I tried to operate the code that erased last 3 lines.
Then, 16x16 is faster than 8x8.

I tried to operate the code that replaced to following code.
k = IMAGEin[(i*HEIGHTs+j)CHANNELS+(2-2)] + i;
l = IMAGEin[(i
HEIGHTs+j)CHANNELS+(2-1)] + i;
m = IMAGEin[(i
HEIGHTs+j)*CHANNELS+(2-0)] + i;
Then, 16x16 is faster than 8x8.

However, the next code shows different result.
IMAGEin[(i*HEIGHTs+j)CHANNELS+(2-2)] = i;
IMAGEin[(i
HEIGHTs+j)CHANNELS+(2-1)] = i;
IMAGEin[(i
HEIGHTs+j)*CHANNELS+(2-0)] = i;
This shows 8x8 is faster than 16x16.

I guess that the theoretical result is the different from the experimental result if it exists Write Operation on global memory: IMAGEin array. Otherwise, same as. Right this?

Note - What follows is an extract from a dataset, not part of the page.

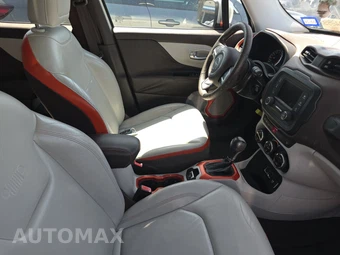 2017 Jeep Renegade Limited – miniatura 8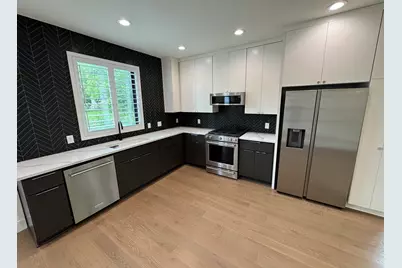 3510 Lyons Road, Austin, TX 78702 - Photo 3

The conclusion is that in some cases performance is direct proportional to the occupancy, but in other cases low occupancy might lead to better performance. An example of this is fft and blas routines. You can find more about this if you look for the work of Volkov.

For your kernel your finding of reduced performance with higher occupancy is easily explained by the cache overflowing for higher occupancy.

The local array temp[] at full occupancy requires 1536×15×4=92160 bytes of cache, while at 33% occupancy (for the smaller 8×8 block size) only 512×15×4=30720 bytes are required per SM. With the larger 48kB cache/SM setting the latter could be fully cached eliminating off-chip memory accesses for temp[] almost completely, but even in the default 16kB cache/SM setting the cache hit probability is substantially higher.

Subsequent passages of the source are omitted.